EdgeCompress: Coupling Multidimensional Model Compression and Dynamic Inference for EdgeAI
Hao Kong,Di Liu,Shuo Huai,Xiangzhong Luo,Ravi Subramaniam,Christian Makaya,Qian Lin,Weichen Liu
DOI: https://doi.org/10.1109/tcad.2023.3276938
IF: 2.9
2023-01-01
IEEE Transactions on Computer-Aided Design of Integrated Circuits and Systems
Abstract:Convolutional neural networks (CNNs) have demonstrated encouraging results in image classification tasks. However, the prohibitive computational cost of CNNs hinders the deployment of CNNs onto resource-constrained embedded devices. To address this issue, we propose EdgeCompress, a comprehensive compression framework to reduce the computational overhead of CNNs.
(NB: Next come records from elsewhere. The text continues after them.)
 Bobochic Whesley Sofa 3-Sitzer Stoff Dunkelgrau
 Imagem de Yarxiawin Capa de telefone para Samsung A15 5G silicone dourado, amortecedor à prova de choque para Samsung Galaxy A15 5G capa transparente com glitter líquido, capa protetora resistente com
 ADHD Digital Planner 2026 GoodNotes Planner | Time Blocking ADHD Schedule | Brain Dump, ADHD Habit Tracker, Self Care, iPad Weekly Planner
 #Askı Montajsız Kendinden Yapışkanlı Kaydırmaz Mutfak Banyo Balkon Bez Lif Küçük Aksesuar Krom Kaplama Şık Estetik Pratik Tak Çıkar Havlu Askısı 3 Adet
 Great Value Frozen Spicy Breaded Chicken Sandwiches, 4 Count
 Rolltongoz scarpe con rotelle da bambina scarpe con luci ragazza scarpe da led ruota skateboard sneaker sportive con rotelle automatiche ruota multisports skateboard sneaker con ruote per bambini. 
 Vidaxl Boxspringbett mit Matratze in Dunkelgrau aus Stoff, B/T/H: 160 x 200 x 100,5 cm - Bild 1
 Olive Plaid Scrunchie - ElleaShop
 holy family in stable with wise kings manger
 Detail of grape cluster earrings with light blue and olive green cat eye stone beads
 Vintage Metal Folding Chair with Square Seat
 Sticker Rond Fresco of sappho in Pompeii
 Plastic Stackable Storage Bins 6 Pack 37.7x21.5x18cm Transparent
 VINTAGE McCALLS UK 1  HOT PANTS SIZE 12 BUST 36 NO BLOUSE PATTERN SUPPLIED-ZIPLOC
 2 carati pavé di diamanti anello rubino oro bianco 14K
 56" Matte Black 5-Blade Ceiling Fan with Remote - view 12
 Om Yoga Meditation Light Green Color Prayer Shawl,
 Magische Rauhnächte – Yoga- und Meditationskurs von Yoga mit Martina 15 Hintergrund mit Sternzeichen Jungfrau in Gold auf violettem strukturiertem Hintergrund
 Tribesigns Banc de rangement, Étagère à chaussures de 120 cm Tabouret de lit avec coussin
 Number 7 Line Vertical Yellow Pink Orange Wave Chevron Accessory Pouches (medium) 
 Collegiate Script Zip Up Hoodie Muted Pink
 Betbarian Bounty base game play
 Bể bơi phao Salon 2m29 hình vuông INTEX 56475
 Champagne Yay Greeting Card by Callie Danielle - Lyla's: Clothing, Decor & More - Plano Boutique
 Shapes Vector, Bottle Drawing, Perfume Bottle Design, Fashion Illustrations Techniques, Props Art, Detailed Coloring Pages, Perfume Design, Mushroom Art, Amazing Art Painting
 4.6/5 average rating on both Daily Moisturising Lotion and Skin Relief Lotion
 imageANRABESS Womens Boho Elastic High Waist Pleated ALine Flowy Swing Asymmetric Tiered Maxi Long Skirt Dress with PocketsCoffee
In EdgeCompress, we first introduce dynamic image cropping (DIC), where we design a lightweight foreground predictor to accurately crop the most informative foreground object of input images for inference, which avoids redundant computation on background regions. Subsequently, we present compound shrinking (CS) to collaboratively compress the three dimensions (depth, width, and resolution) of CNNs according to their contribution to accuracy and model computation. DIC and CS together constitute a multidimensional CNN compression framework, which is able to comprehensively reduce the computational redundancy in both input images and neural network architectures, thereby improving the inference efficiency of CNNs. Further, we present a dynamic inference framework to efficiently process input images with different recognition difficulties, where we cascade multiple models with different complexities from our compression framework and dynamically adopt different models for different input images, which further compresses the computational redundancy and improves the inference efficiency of CNNs, facilitating the deployment of advanced CNNs onto embedded hardware. Experiments on ImageNet-1K demonstrate that EdgeCompress reduces the computation of ResNet-50 by 48.8% while improving the top-1 accuracy by 0.8%. Meanwhile, we improve the accuracy by 4.1% with similar computation compared to HRank. The state-of-the-art compression framework. The source code and models are available at https://github.com/ntuliuteam/edge-compress .